The full-text of the amendment [PDF] to the Lieberman-Warner Climate Security Act is now available, which answers some of the outstanding questions stemming from the outline Sen. Boxer has been circulating. A few important areas to look at in the new version:
Cost containment: This is the mechanism, also called an “emergency off-ramp,” that will automatically release additional emission allowances onto the market to lower the price of carbon credits, should prices reach a certain level. The full text of the bill states that the initial range in which that mechanism could be triggered is “no lower than $22 and no higher than $30” in 2012. From 2013 through 2027, the price will be previous year’s trigger multiplied by the sum of the annual rate of inflation and 1.05. (If you’re thinking “WTF?” you’re not alone.) These additional credits would be auctioned, and the proceeds would be used for direct emissions reductions. This is the part of the legislation likely to give greens the biggest coronary. Though it’s short of a “safety valve,” some groups have already expressed concern that this trigger is too low.
Renewables: It also appears that there is less money specifically directed at renewable energy in the new version of the bill, though the sizable increase in funding to state and local entities is expected to cover that — so it’s more of a reallocation than a reduction, in theory.
Handouts: Within the full text, the amounts of money that go to specific areas — like consumer tax relief, funds to local electricity and gas utilities, worker training programs, etc. — are broken down as percentages of the total revenue from auction. The figures in the document Boxer released yesterday breaks them down in dollar figures, as projected by the EPA’s analysis of the bill. The accuracy of those figures, of course, depends on the accuracy of the EPA’s projections about the costs of carbon credits.
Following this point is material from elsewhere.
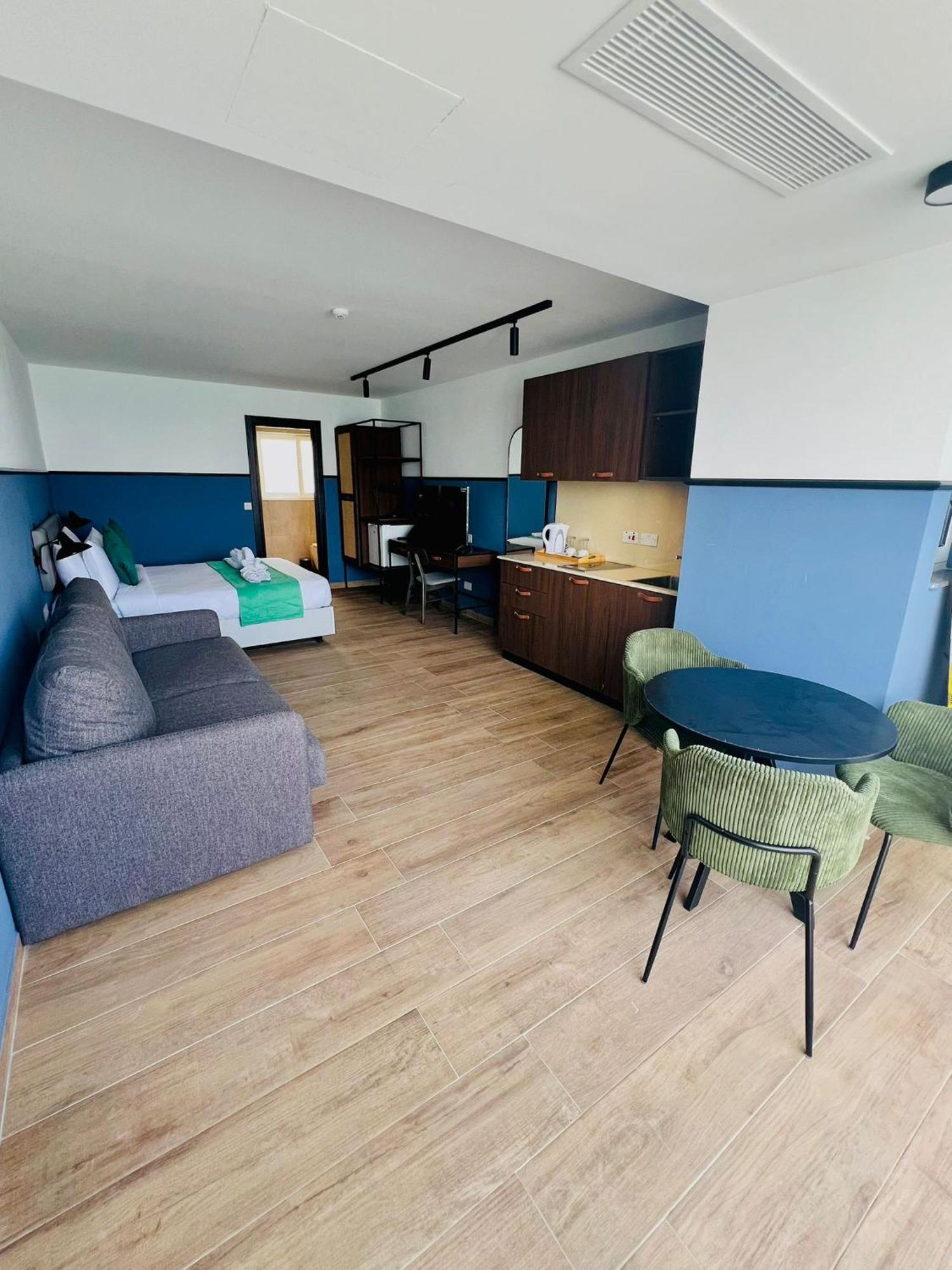 South32 Hotel บีร์เซบบูจา ภายนอก รูปภาพ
Twenty major green groups, including the Sierra Club, Union of Concerned Scientists, National Wildlife Federation, Natural Resources Defense Council and the League of Conservation Voters, issued a joint statement following the release of the new version of the bill, noting that while the bill has been improved, it should still be strengthened further on the floor.
“We express our appreciation to Senator Boxer for her leadership on the Climate Security Act and for working so hard and having brought this bill so far,” reads their official statement. “The best chance for progress this year on federal global warming pollution limits is for the Senate to strengthen and pass the Climate Security Act. The bill needs to be strengthened to ensure that it will meet the reductions that science dictates are needed to prevent dangerous global warming.”
We’ll have more on the amendment soon, and there will be plenty more climate legislation drama in the weeks to come.